Recently, India’s fertiliser policy has come under scrutiny. A major government company issued tenders for ‘soluble fertilisers’ that exclude ‘Make in India’ manufacturers. This issue is not just confined to the Government e-Marketplace (GeM) portal. Many public sector firms are intentionally sidelining local producers by misusing MSME and Make in India policies. The main problem lies in the outdated and disorganized Fertiliser Control Order (FCO). Indian startups must obtain licenses and set up warehouses in every state, while manufacturers from countries like China can sell products by simply uploading a document. They do not need state-level approvals.
The FCO was established under the Essential Commodities Act of 1955, a time when India’s production capacity was low. However, this same regulation now poses significant barriers for local production, especially in the soluble fertiliser sector. According to Dr. Suhas Budhe, an incubation mentor at IIM Nagpur, India imports over 500,000 tonnes of soluble fertilisers annually. This results in a loss of foreign currency and stifles local innovation. He noted that each startup faces scrutiny from as many as 32 FCO inspectors, creating immense pressure and hindering entrepreneurship. This approach is counter to the vision of ‘Atmanirbhar Bharat’ or self-reliant India.

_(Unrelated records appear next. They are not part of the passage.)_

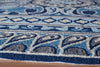 Momeni Veranda VR-53 Indigo Area Rug Corner Shot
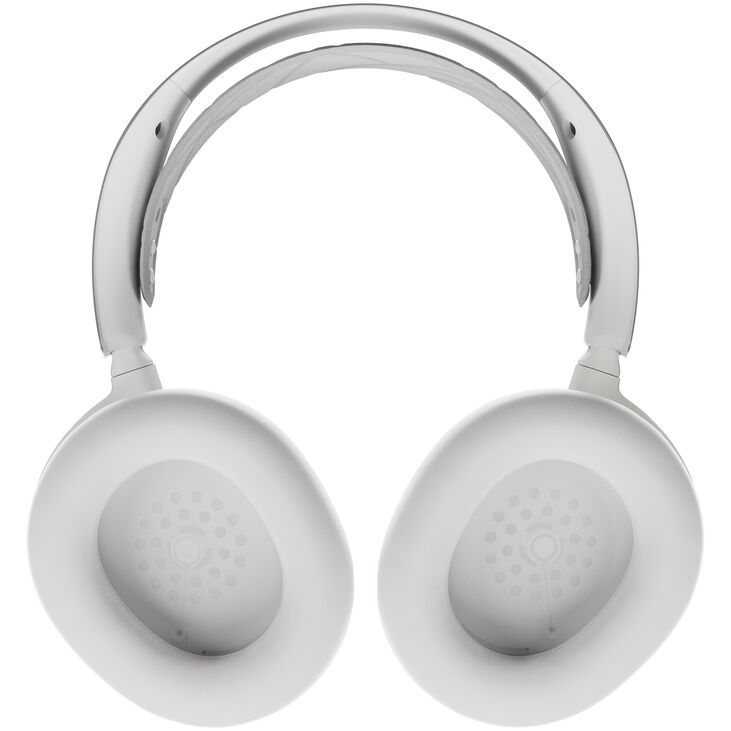 Auriculares SteelSeries Arctis Nova Pro P Wireless/Bluetooth Blanco image number 6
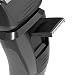 Remington PF7400 Comfort Series Plus Foil Shaver and Beard Trimmer, Black/Silver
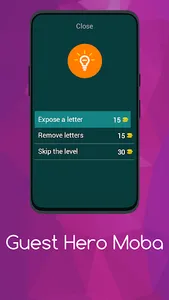 Guest Hero Moba Quiz screenshot 5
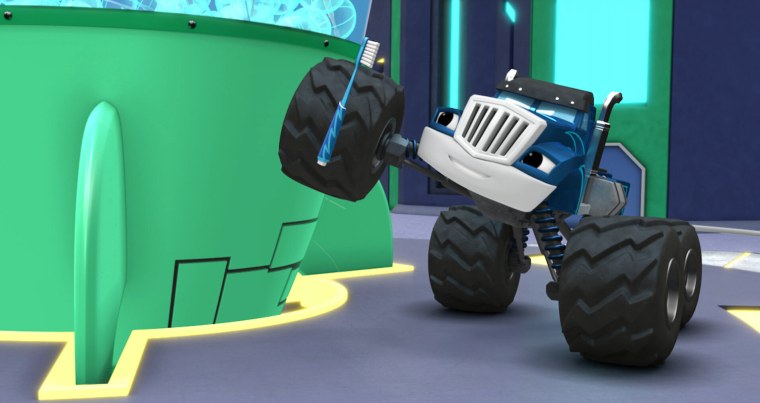 Щенячий патруль и Вспыш и чудо-машинки 2022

Jayantibhai Kumbhani, chairman of the Chamber of Agri Input Protection in Ahmedabad, stated that few sectors in India experience such heavy oversight per unit. Immediate reforms to the Fertiliser Control Order are essential for India to become self-reliant in soluble fertilisers.

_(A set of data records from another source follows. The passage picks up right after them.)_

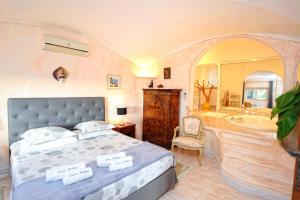 Villas Casa Matteu : photos des chambres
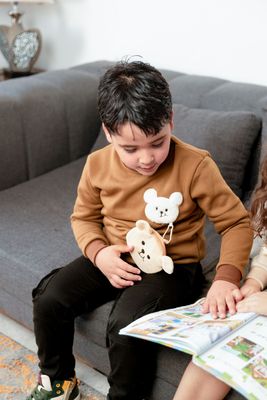 Completo per Bambino – L’Avventura di un Piccolo Esploratore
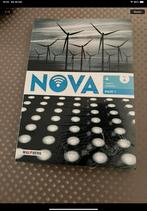 Nova Nask 1 - VMBO-K Werkboek Deel A NIEUW €10,00, Ophalen of Verzenden, Nieuw, VMBO, Natuurkunde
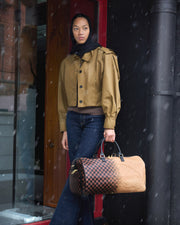 COASTAL VOYAGE DUFFLE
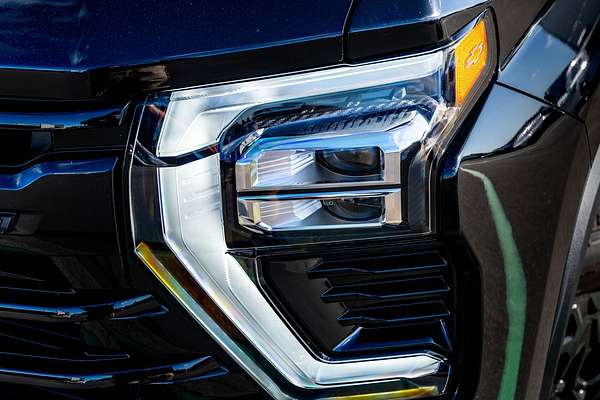 2025 Chevrolet Silverado Hd Ltz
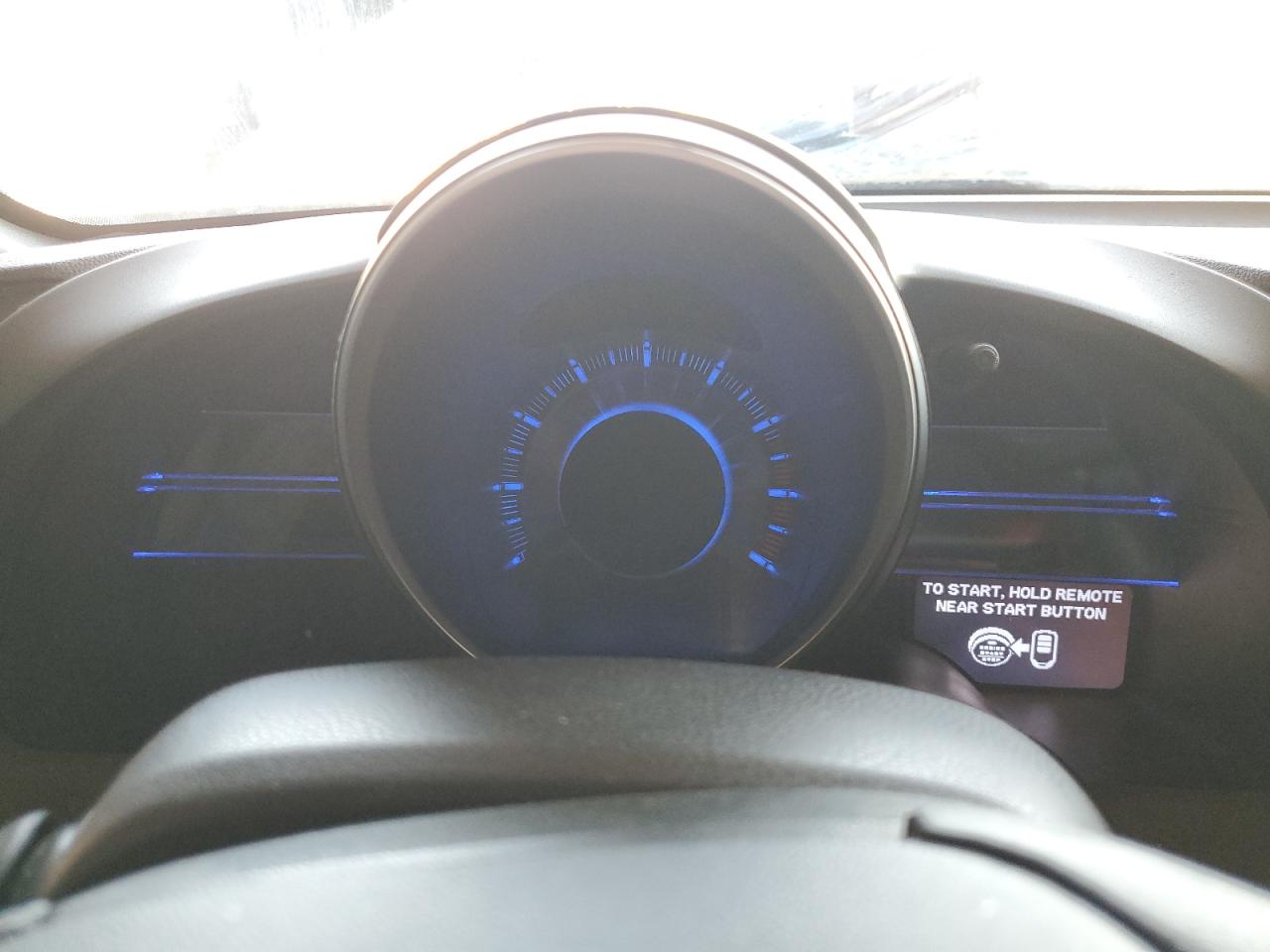 2016 Honda Cr-Z VIN: JHMZF1D46GS001210 Lot: 67457525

Vijay Thakur, president of OAM Maharashtra, echoed this sentiment. He believes that the requirement for state licenses and inspections discourages local companies while benefiting foreign manufacturers. Vinod Goyal, the national secretary of the Soluble Fertiliser Industry Association (SFIA), added that it is time to implement a ‘One Nation, One License’ policy. Local manufacturers should receive the same ease as foreign suppliers. Additionally, the number of inspectors should be limited, and a new law should be introduced for non-subsidised fertilisers, distinct from the Essential Commodities Act.

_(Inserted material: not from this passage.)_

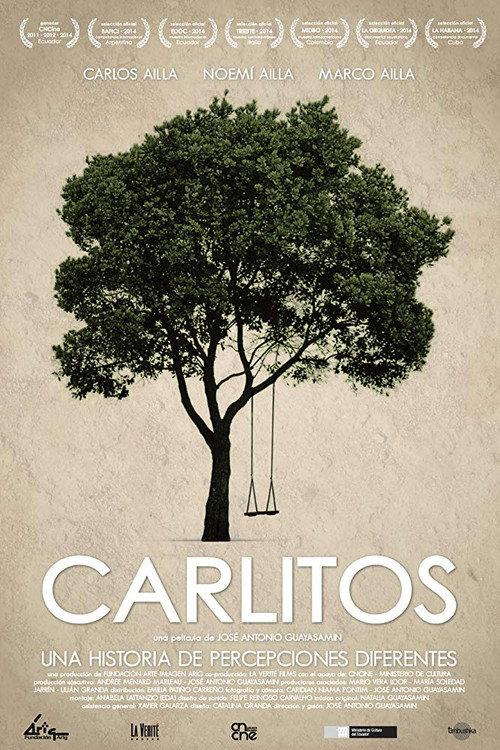 Carlitos 2014 official movie poster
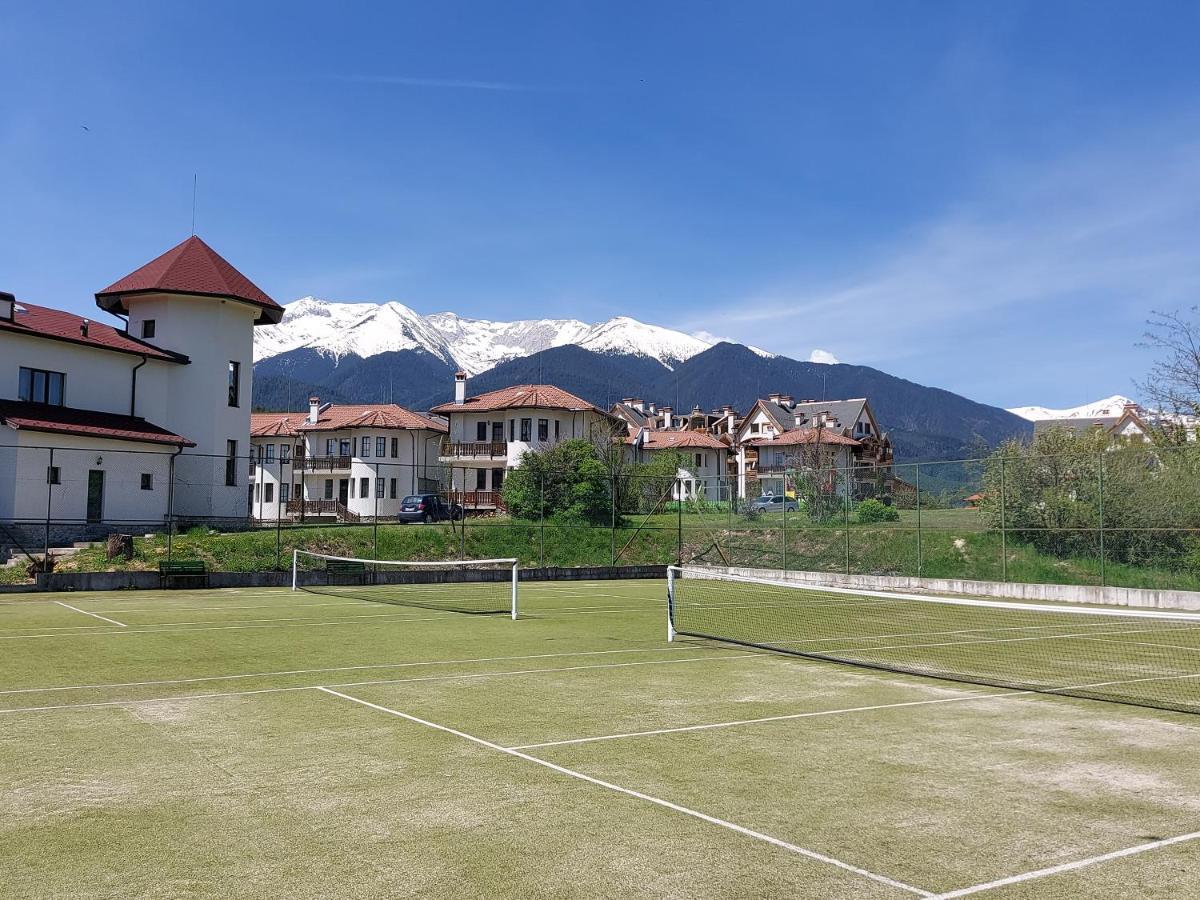 Pinerose Resort Bansko Esterno foto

Goyal noted that domestic production of soluble fertilisers is gradually increasing. Recently, indigenous technology has been developed, but it suffers due to policy-related chaos. Marketing companies prefer imported products over local manufacturers to avoid regulatory hassles.
While the increase in soluble fertiliser imports indicates rising market demand, Indian MSME entrepreneurs are not reaping the benefits. This policy disparity is a serious mistake. The example of China is telling; in 2001-02, their MSMEs primarily produced raw materials, but today they are among the world’s leading manufacturers due to well-crafted policies and strategic investments.
The central government has initiated support for R&D and import-substituting technologies. However, until the regulatory framework changes, this innovation will not reach the fields. The SFIA states that inconsistencies among state governments, misuse of policies, and oppressive actions of officials have made this sector stagnant, contradicting the vision of a self-reliant India.